WORK INSTRUCTION:
Only the lines from the beginning of the data below through the line that contains "exterior space featuring a lawn" should be repeated, exactly as written.

(DATA UNDER STUDY begins)

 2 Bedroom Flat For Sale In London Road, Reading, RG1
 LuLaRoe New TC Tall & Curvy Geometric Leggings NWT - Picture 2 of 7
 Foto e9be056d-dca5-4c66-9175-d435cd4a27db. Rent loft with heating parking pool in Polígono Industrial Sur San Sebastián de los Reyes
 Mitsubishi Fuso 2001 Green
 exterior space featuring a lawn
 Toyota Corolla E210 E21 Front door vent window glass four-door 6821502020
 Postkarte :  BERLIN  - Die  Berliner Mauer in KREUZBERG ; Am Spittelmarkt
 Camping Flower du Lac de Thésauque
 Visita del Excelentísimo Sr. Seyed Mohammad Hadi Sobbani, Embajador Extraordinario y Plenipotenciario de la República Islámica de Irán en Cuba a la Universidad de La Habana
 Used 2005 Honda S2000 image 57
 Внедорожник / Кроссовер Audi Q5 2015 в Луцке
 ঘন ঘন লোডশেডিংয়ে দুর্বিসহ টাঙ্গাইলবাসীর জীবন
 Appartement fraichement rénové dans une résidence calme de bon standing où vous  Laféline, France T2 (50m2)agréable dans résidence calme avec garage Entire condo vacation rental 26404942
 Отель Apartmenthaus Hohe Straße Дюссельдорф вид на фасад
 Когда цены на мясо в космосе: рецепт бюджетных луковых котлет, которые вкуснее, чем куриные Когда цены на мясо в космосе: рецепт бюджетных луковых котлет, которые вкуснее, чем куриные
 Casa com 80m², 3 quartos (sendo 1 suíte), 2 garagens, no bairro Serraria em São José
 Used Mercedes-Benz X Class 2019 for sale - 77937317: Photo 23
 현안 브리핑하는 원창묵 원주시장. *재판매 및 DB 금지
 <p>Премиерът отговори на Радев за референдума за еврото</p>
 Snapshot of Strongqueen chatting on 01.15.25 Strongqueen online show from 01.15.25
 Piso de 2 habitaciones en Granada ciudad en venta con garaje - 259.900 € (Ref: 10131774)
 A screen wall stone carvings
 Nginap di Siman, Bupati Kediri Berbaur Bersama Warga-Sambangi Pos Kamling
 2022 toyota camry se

(DATA UNDER STUDY ends)

SOLUTION TO THE PROBLEM:
 2 Bedroom Flat For Sale In London Road, Reading, RG1
 LuLaRoe New TC Tall & Curvy Geometric Leggings NWT - Picture 2 of 7
 Foto e9be056d-dca5-4c66-9175-d435cd4a27db. Rent loft with heating parking pool in Polígono Industrial Sur San Sebastián de los Reyes
 Mitsubishi Fuso 2001 Green
 exterior space featuring a lawn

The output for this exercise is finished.